“‘For myself,’ she continued, ‘I don’t have that streak. I believe that what’s right today is wrong tomorrow and that the time to enjoy yourself is now, so long as you let others do the same. I’m as good, Mr. Motes,’ she said, ‘not believing in Jesus as a many a one that does.’
‘You’re better,’ he said, leaning forward suddenly. ‘If you believed in Jesus, you wouldn’t be so good.'”
–Flannery O’Connor, Wise Blood (New York: Farrar, Straus, and Giroux, 1949/2007), 225.
“Since Christ is Lord, and the battle is His, we must always be ready to contend for the faith once for all delivered to the saints. We must use the weapons, not of this world, but of the Lord. We must take every thought captive to the obedience of Christ as we demolish the arguments, with gentleness and reverence, of those who suppress the truth in unrighteousness, exchanging the truth of God for a lie, worshiping created things, rather than the Creator, who is blessed forever. Amen.”
–K. Scott Oliphant, The Battle Belongs to the Lord (Phillipsburg, NJ: P&R Publishing, 2003), 5.
“In one sense, the entire Bible is an apologetic. It is given as God’s word. It comes to us as truth to tell us who God is and what he requires of us. Most of it comes into a ‘hostile’ environment, an environment flooded with the effects of sin and rebellion. But because it comes as truth to a hostile world, it challenges the worldviews and opinions of those who would want to oppose its truth. When the Bible begins with ‘In the beginning, God…,’ it is immediately giving us the most foundational of truths, but it is also confronting any view that seeks to deny this God.”
–K. Scott Oliphant, The Battle Belongs to the Lord (Phillipsburg, NJ: P&R Publishing, 2003), 4.
“Dear Dr. Howe:
You are certainly right in saying that I did not, in the discussion among Mr. White, Mr. Grey, and Mr. Black, make any sharp distinction between witnessing to and defending the Christian faith. I am not convinced by the evidence from Scripture which you cite that any sharp distinction between them is required or even justified.
My defense of the truth of Christianity is, as I think of it, always, at the same time, a witness to Christ as the Way, the Truth, and the Life. We do not really witness to Christ adequately unless we set forth the significance of His person and work for all men and for the whole of their culture. But if we witness to Him thus then men are bound to respond to Him either in belief or disbelief.
If they respond in disbelief they will do so by setting forth as truth some ‘system of reality’ that is based on the presupposition of man as autonomous.

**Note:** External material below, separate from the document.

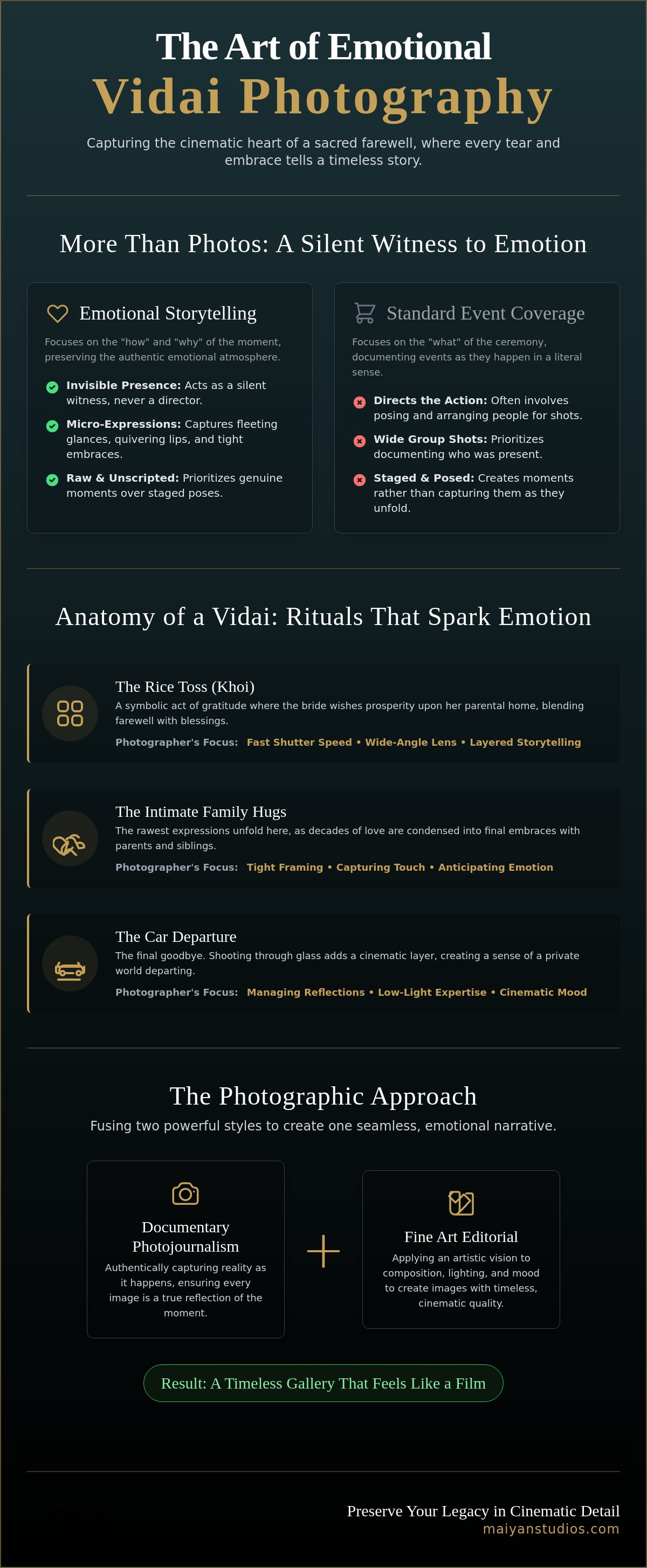 Emotional Vidai ceremony photography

I must then plead with them to accept Christ as their Savior from the sin of autonomy, and therewith, at the same time, to discover that they have been given, in Christ, the only foundation for intelligent predication.
—C. V. T.”
–Cornelius Van Til, in Jerusalem and Athens: Critical Discussions on the Philosophy and Apologetics of Cornelius Van Til, Ed. E. R. Geehan, (Nutley, NJ: Presbyterian and Reformed, 1977), 452.
“We follow the only unbegotten God through His Son—we who formerly delighted in fornication, but now embrace chastity alone; we who formerly used magical arts, dedicate ourselves to the good and unbegotten God; we who valued above all things the acquisition of wealth and possessions, now bring what we have into a common stock, and communicate to every one in need; we who hated and destroyed one another, and on account of their different manners would not live with men of a different tribe, now, since the coming of Christ, live familiarly with them, and pray for our enemies, and endeavour to persuade those who hate us unjustly to live conformably to the good precepts of Christ, to the end that they may become partakers with us of the same joyful hope of a reward from God the ruler of all.”
–Justin Martyr, 1 Apol. XIV in Ante-Nicene Fathers: The Apostolic Fathers with Justin Martyr and Irenaeus, Vol. 1, Ed. A. Cleveland Coxe (Grand Rapids, MI: Eerdmans, 2001), 167.